The following definitions of the concept of Antisymmetric Relation are equivalent:

### Definition 1

$\RR$ is antisymmetric if and only if:

$\tuple {x, y} \in \RR \land \tuple {y, x} \in \RR \implies x = y$

that is:

$\set {\tuple {x, y}, \tuple {y, x} } \subseteq \RR \implies x = y$

### Definition 2

$\mathcal R$ is antisymmetric if and only if:

$\tuple {x, y} \in \mathcal R \land x \ne y \implies \tuple {y, x} \notin \mathcal R$

## Proof

### Definition 1 implies Definition 2

Let $\RR$ be a relation which fulfils the condition:

$\tuple {x, y} \in \RR \land \tuple {y, x} \in \RR \implies x = y$

Let $\tuple {x, y} \in \RR$ such that $x \ne y$.

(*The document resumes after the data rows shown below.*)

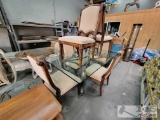 Glass Table Top Dining Room Table and Chairs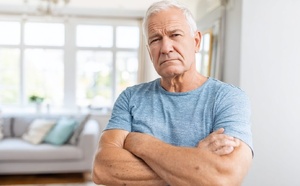 Vous avez commencé à travailler après 30 ans ? Voici l’impact réel sur votre retraite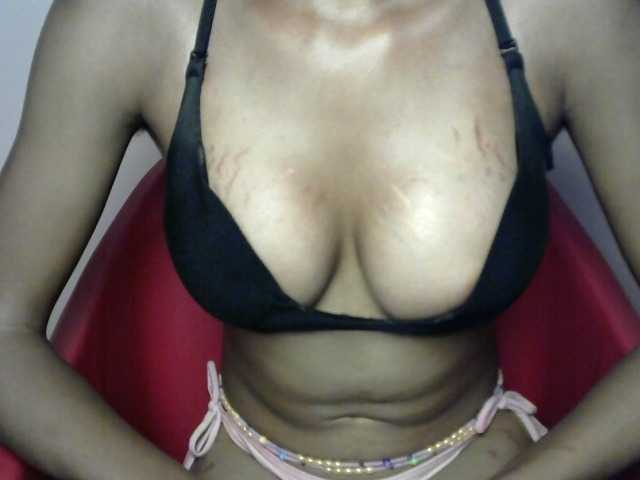 Sluttybitch1 live cam on BongaCams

Aiming for a contradiction, suppose that $\tuple {y, x} \in \RR$.

Then $\tuple {x, y} \in \RR \land \tuple {y, x} \in \RR$.

By hypothesis, this implies that $x = y$.

From this contradiction it is concluded that $\tuple {y, x} \notin \RR$.

It follows that the condition:

$\tuple {x, y} \in \RR \land x \ne y \implies \tuple {y, x} \notin \RR$

holds for $\RR$.

$\Box$

### Definition 2 implies Definition 1

Let $\RR$ be a relation which fulfils the condition:

$\tuple {x, y} \in \RR \land x \ne y \implies \tuple {y, x} \notin \RR$

Let $\tuple {x, y} \in \RR$ such that $\tuple {y, x} \in \RR$ also.

Aiming for a contradiction, suppose that $x \ne y$.

By hypothesis, this implies that $\tuple {y, x} \notin \RR$.

From this contradiction it is concluded that $\tuple {y, x} \notin \RR$.

It follows that the condition:

$\tuple {x, y} \in \RR \land \tuple {y, x} \in \RR \implies x = y$

holds for $\RR$.

$\blacksquare$